Instead, as Ben Kehoe wrote recently, serverless is about focus. Focus on what differentiates your business. Focus on customers’ needs and creating business values.
Lack of focus is a far bigger risk
Statistically, 70% of companies perish within the first 20 months. These companies fail for many reasons, for example:
- run out of funding
- unable to find market fit
- unable to compete in the market
Building a capable engineering team is costly and time-consuming. For most companies, staff salaries are their biggest cost. This makes engineers their most expensive resource, and their time should be valued as such. So it stands to reason that you should give your engineers leverage to do more with less and maximize their impact on your business.
Instead of worrying about being tightly coupled to one cloud provider, a competitor that can go to market earlier and iterate quicker is a far bigger risk. As discussed already, serverless lets you move faster by giving your engineers leverage to do more with less. It helps you retain focus on your business and your customers’ needs. A competitor that takes full advantage of these benefits would be in a position to lock you out of your market sector long before the risk of vendor lock-in comes to bear.
It’s a bad economic decision
Proponents of the serverless vendor lock-in argument never talk about the price you pay in return:
- A lot of upfront development work. Which translates to delayed product launches and lost market opportunities.
- A constant hit on productivity. Which translates to a slower time to market and putting your business at a competitive disadvantage.
- A risk that all your efforts would be in vain. If the need to migrate from your chosen cloud provider never materialized.

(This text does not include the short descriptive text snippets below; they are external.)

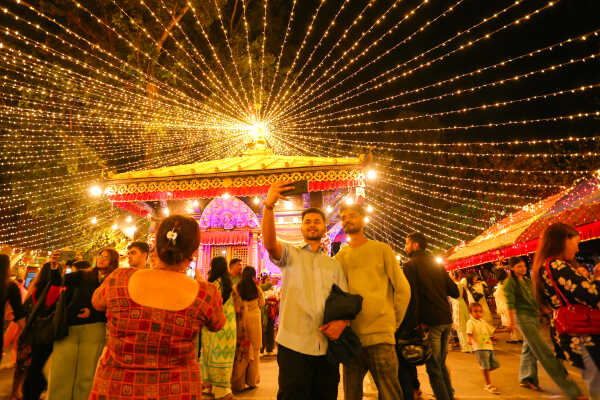 Maitidevi Temple Shines Bright as Tihar Festival Approaches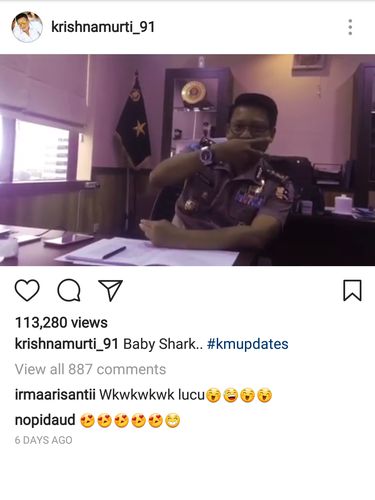 Baby Shark Polisi | saat polisi ketularan demam baby shark challenge Baby Shark Polisi | saat polisi ketularan demam baby shark challenge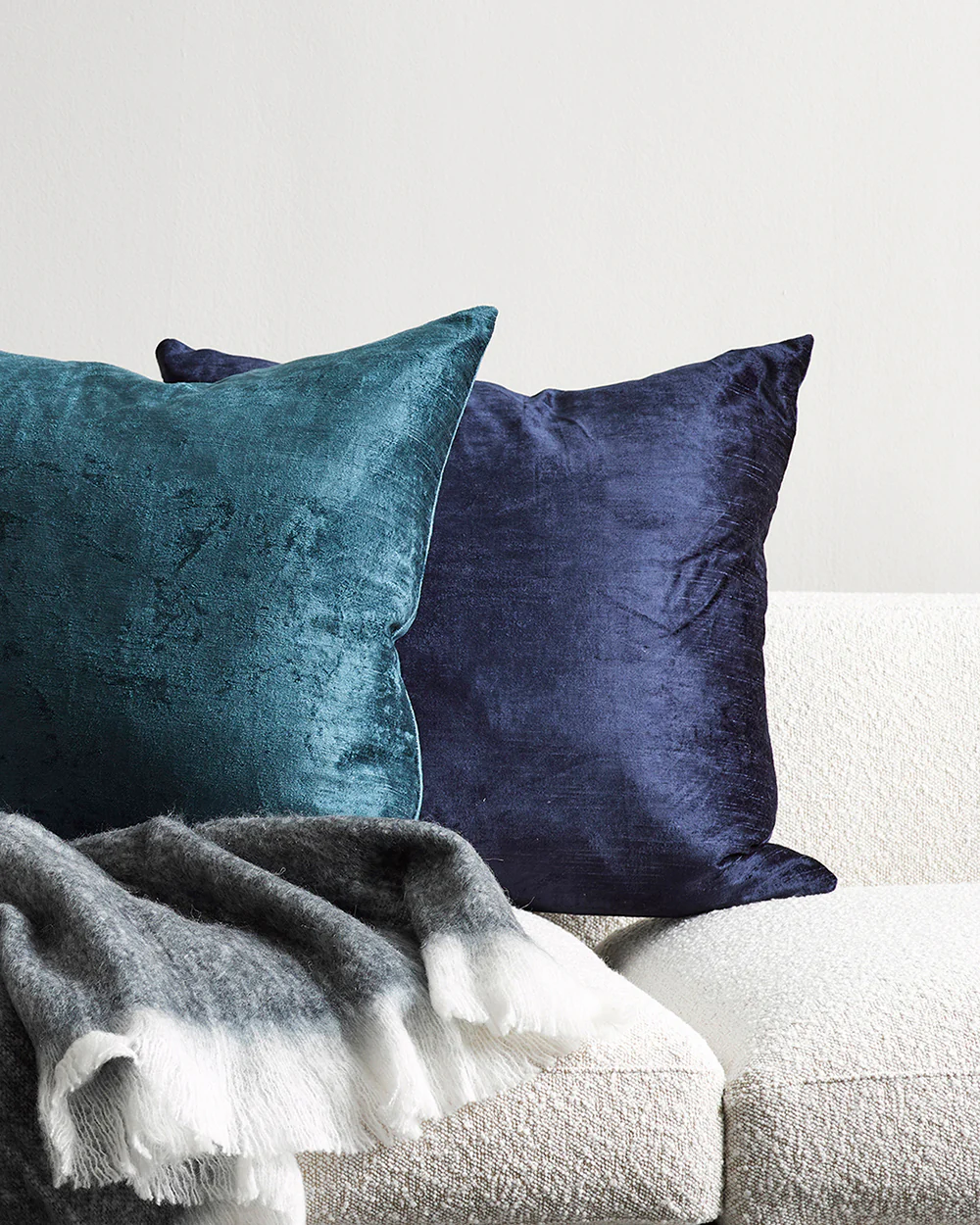Bromley Navy Square Cushion - Image 2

As an insurance policy to guard against being “locked-in”, the price is steep. The time and effort you spend up front often outweigh the potential saving of future work. As an economic decision, it just doesn’t make sense.
Given the high cost of prevention and the low probability of the risk coming to bear. You are much better off paying the cost of migration if and when it happens.
Data is the real lock-in risk
But all of these arguments are still ignoring the elephant in the room, that data is the real lock-in risk.
Business logic is always easy to move around. Moving from one compute platform to another would take work, but is rarely difficult. There are also many ways to ease these migration efforts. For instance, there are frameworks that let you move an existing Express.js application to run on Lambda. You can also use hexagonal architectures to make it easy to port your application to different runtime environments.
But as Nick Gottlieb elegantly puts it, “The true danger with lock-in, especially with serverless, is the potential for data lock-in. Data has gravity. It accumulates. Data is economically disincentivized to leave, by way of platform pricing. This is the single biggest threat to vendor choice.”
Unfortunately, this data lock-in risk applies to everyone. Regardless of whether your application runs on VMs, containers or as Lambda functions.
We’ve been here before…
Those of us who have been around for a while remember similar vendor lock-in debates before. There was a time when ORMs were all the rage because of the fear of being locked in to database vendors.
Many of us drank the kool-aid and adopted ORMs. Unfortunately, things didn’t work out as the proponents of vendor lock-in prophesized:
- The vast majority of us never needed to migrate databases in the end.
- The few that did, found out the hard way that ORMs didn’t make database migrations any easier. If anything, it’s just another thing that you have to deal with during migration.
- ORMs introduced their own complexities and caused much performance and debugging issues. They introduced upfront development work. And they slowed down ongoing feature development and are a constant cognitive tax on engineering teams.
Taking a more cynical look at the source of all this noise about vendor lock-in, I can’t help but notice some vested interests.
Take the Register article, for instance. It was based on a conversation with the CTO of CoreOS. Whose company just happens to “power the world’s container infrastructure”, in their own words.
What would happen if everyone stopped running their own container infrastructures? It’ll probably spell trouble for private cloud providers, whose survival depends on us running on “portable” infrastructure components. That gives them a vested interest in delaying the adoption of serverless technologies such as AWS Lambda.
Can we blame these companies? No. They’re looking out for their own survival as any one of us would. But we need to be vigilant and not let these vested interests lead us to bet against our best interests. The survival of our businesses depends on it!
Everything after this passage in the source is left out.